To take a child from its mother seemed to be the lowest thing a human being could do. Yet it was as if we had drawn up in a lifeboat in a most turbulent sea. Every parent we met seemed to say: 'Here. Yes. Freely. Gladly. Take my child to a safer shore.'
— Eleanor Kraus

Hundreds of parents and children showed up to apply to have the children selected for the rescue. The children selected, 25 girls and 25 boys, were the ones considered most resilient to be separated from their families, whom they might not see again.
The Krauses traveled by train from Vienna. When the children said goodbye to their families at the railroad station they were told they could not wave goodbye, as it might be considered as the Nazi salute and could result in their arrest. In Berlin, the group received 50 visas from Geist. They met with the Gestapo to obtain the passports for the children. They then traveled to Hamburg, where they set sail for New York aboard the S.S. President Harding and arrived on June 3, 1939.
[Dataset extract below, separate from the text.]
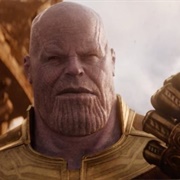 Josh Brolin: Thanos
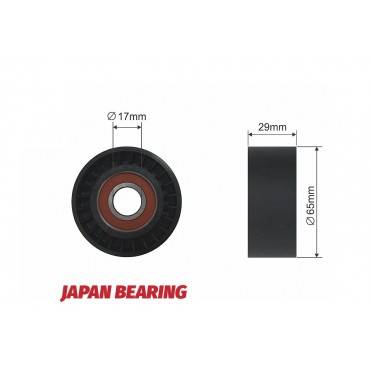 Poulie Galet Courroie Enrouleur Pour Alfa Romeo 145 146 147 156 Gt 71747798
The children were first brought to B'rith Sholom's summer camp in Collegeville, Pennsylvania, which had a 25-bedroom house. They then went to live with relatives who lived in the United States or foster families. The Krauses wanted to make another mission, but after the war began they were unable to make another rescue. Related documents and photographs were donated to the United States Holocaust Memorial Museum.
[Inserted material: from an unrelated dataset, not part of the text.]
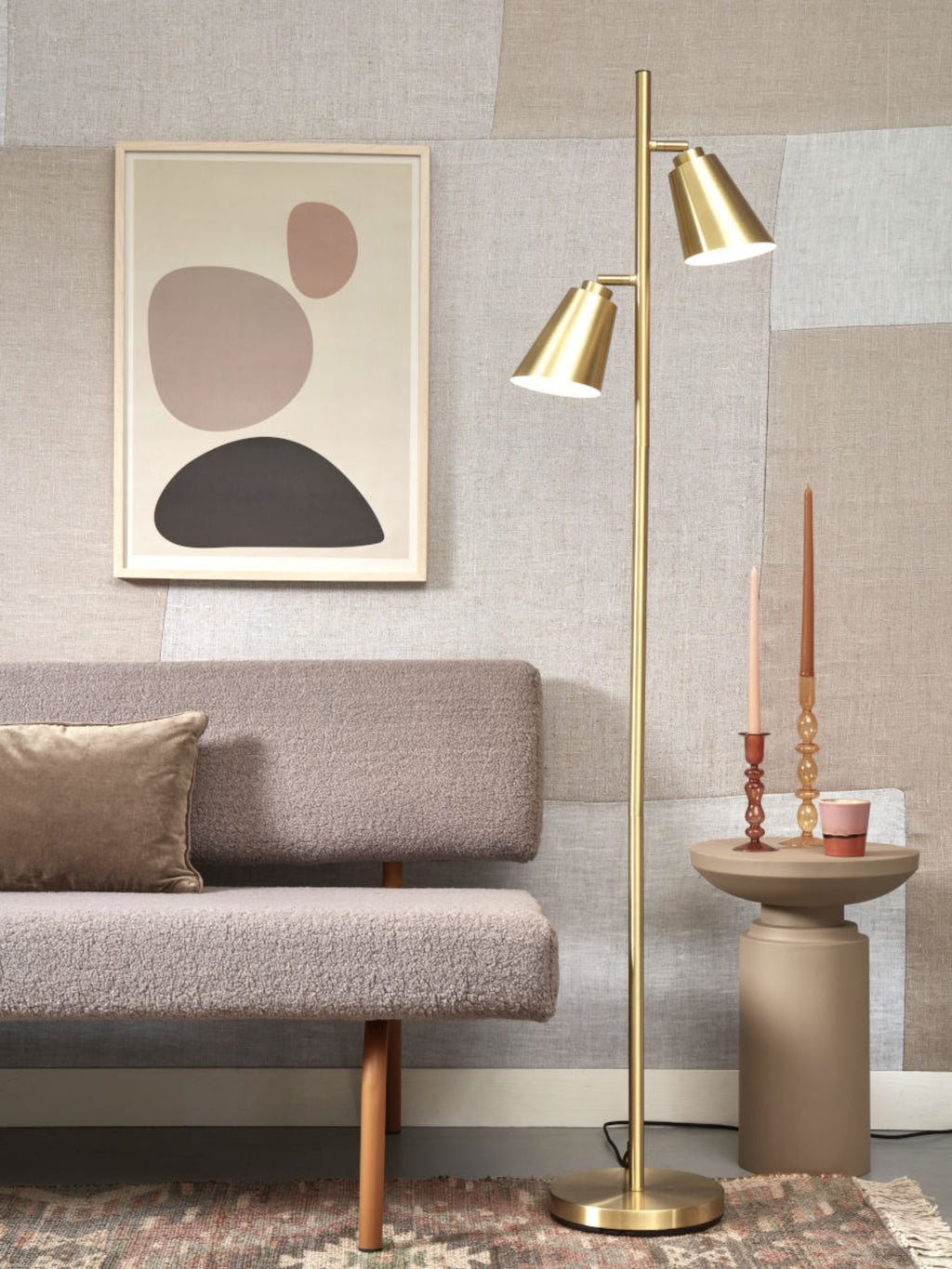 it's about RoMi Staande Lamp Bremen - Goud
==50 Children: The Rescue Mission of Mr and Mrs Kraus - the Movie==
Their story was made into the documentary 50 Children: The Rescue Mission of Mr. and Mrs. Kraus - the movie (2013) by Steven Pressman, the husband of their granddaughter Liz Perle. It premiered on Yom HaShoah, Holocaust Remembrance Day. According to Pressman, they were "the single largest group of [Jewish] children" that were brought to the United States during the Holocaust in one group.
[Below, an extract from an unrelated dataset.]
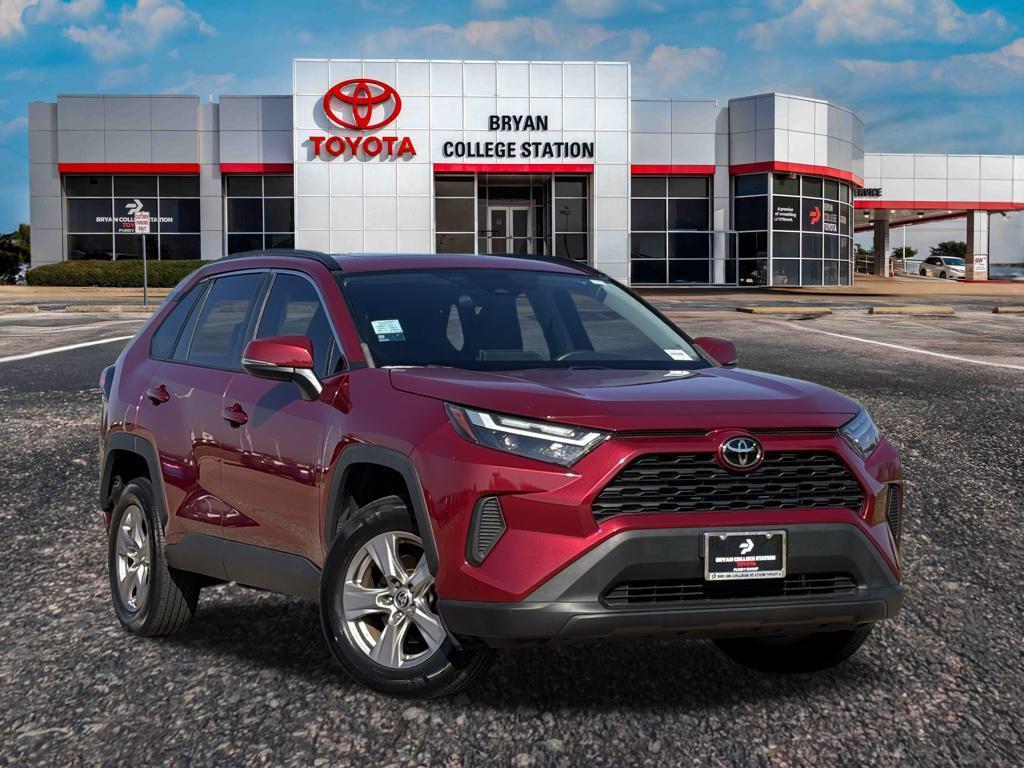 used 2022 Toyota RAV4 car, priced at $30,485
== Kraus Family Foundation==
In honor of Gilbert and Eleanor Kraus, the Kraus Family Foundation and the Union for Reform Judaism (URJ) announced on April 30, 2019, on the eve of Yom Hashoah (Holocaust Remembrance Day), the formation of the Gilbert and Eleanor Kraus Initiative for Immigrant and Refugee Justice. The foundation’s cofounders, Peter (the grandson of Gilbert and Eleanor), and his wife, Jill Kraus, funded the program with a multi-year gift to the URJ of more than one million dollars to galvanize people to action around the immigration and refugee crisis in the United States.

“What Jill and I are trying to say with regard to this gift,” Peter Kraus stated in an interview, “is the power of everyday individuals. The more we everyday individuals commit to being part of the immigration process, the more successful our country will be in finding an answer to the trauma that is being visited upon refugees.”